Traditional approach

A common solution is to use a cloud storage service, hosted by some large multinational company.

What could be the issues with this approach?

This company may:

disappear or simply decide to stop offering this service
have technical issues that make your data unavailable
decide that your content is against its new terms of service and delete it
prevent some members or entire countries from accessing the service
etc.

Picking a company for your community's needs means having to trust that this company will continue offering the service to all your members without restrictions, for a very long time.

This is what we call a centralized approach: a single entity is in charge of everything, and users need to trust that it won't unilaterally stop offering the service as you expect. Unfortunately, you can never fully trust a single entity.

Decentralized approach

Avoiding the issues that come with centralization means using decentralization: splitting the responsibility of the service between many entities, so that no small group of entities may prevent any user from using the service.

How would you design a simple decentralized architecture to store the community's data and make it available?

First, let's assume that many members of the community each have a single computer that they dedicate to this service. The community will have to agree on what software to run on these computers. We will call each running instance of this software a node.

For a very basic architecture, we could have every node:

store all of the data from the community
be able to communicate with every other node (know each node's IP address).

To upload data, for example a file, members would simply send that file and its name to every other node, which would then store it.

To download data, a member could send a request for the file having a given name, to any of the nodes, and that node would send it to them. If for some reason, the node is not available or rejects the request, they can simply try with another node.

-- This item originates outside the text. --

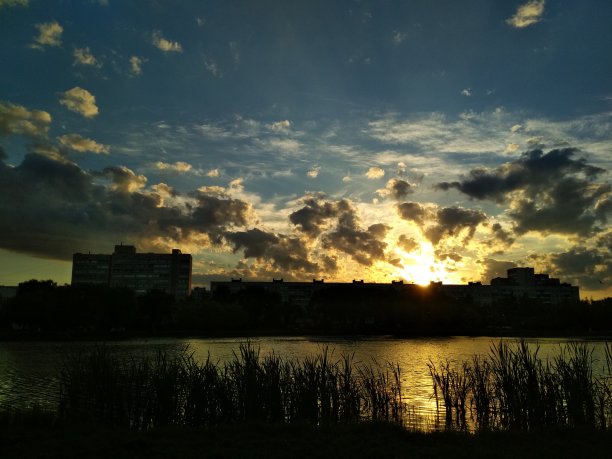 城市中的日落图片下载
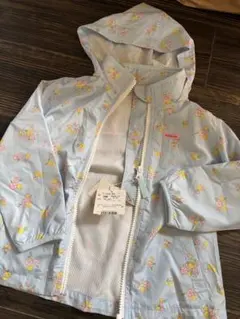 花柄水色ナイロンジャケット 100cm ミキハウス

To join the community, a new user would just need to know the address of one node, request the list of all the other nodes, the list of all files, and start downloading their content.

As long as one node is still running the software, and a member is connected to the internet, they will be able to download the content.

Potential issues

This simple approach presented above has a few issues. Can you think of some?

Here are some of the main issues:

two members could use the same name for a file
as the community grows, the bandwidth required to send files to every node becomes prohibitive
when nodes are temporarily unavailable, they will miss some files and become desynchronized
bad members could:
- send the wrong data, for a given download request
- saturate the node by sending too much data or too many requests

Can you think of ways to improve our architecture to prevent these issues?

Ensuring that nodes store/send the right data

There is a risk that two members upload different files with the same name.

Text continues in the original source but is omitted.